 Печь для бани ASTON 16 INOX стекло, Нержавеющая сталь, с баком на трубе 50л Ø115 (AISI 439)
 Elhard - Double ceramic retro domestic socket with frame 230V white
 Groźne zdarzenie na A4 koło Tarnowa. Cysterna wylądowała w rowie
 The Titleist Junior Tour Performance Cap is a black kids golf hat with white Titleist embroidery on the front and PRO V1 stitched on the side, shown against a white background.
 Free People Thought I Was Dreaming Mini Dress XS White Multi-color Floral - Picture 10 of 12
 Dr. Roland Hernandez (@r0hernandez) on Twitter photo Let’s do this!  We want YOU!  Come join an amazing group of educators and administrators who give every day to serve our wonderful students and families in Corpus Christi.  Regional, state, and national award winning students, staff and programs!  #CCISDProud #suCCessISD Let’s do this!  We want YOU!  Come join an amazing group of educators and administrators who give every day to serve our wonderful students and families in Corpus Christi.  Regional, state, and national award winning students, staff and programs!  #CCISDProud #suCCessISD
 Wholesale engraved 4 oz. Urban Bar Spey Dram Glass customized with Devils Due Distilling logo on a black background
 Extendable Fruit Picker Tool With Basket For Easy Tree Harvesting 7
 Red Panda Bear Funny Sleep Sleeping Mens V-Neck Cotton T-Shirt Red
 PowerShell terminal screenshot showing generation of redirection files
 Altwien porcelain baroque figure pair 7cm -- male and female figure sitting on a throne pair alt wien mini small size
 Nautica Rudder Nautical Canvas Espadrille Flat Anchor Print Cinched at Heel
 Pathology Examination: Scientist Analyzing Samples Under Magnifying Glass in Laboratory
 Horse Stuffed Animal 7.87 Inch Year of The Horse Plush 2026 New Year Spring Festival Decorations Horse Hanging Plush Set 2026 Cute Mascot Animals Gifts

☆ ☆ ☆ ☆

About this exercise: The answer consists only of the lines from the one containing "PowerShell terminal screenshot" to the end of the records, each written out exactly.

Response to the exercise:
 PowerShell terminal screenshot showing generation of redirection files
 Altwien porcelain baroque figure pair 7cm -- male and female figure sitting on a throne pair alt wien mini small size
 Nautica Rudder Nautical Canvas Espadrille Flat Anchor Print Cinched at Heel
 Pathology Examination: Scientist Analyzing Samples Under Magnifying Glass in Laboratory
 Horse Stuffed Animal 7.87 Inch Year of The Horse Plush 2026 New Year Spring Festival Decorations Horse Hanging Plush Set 2026 Cute Mascot Animals Gifts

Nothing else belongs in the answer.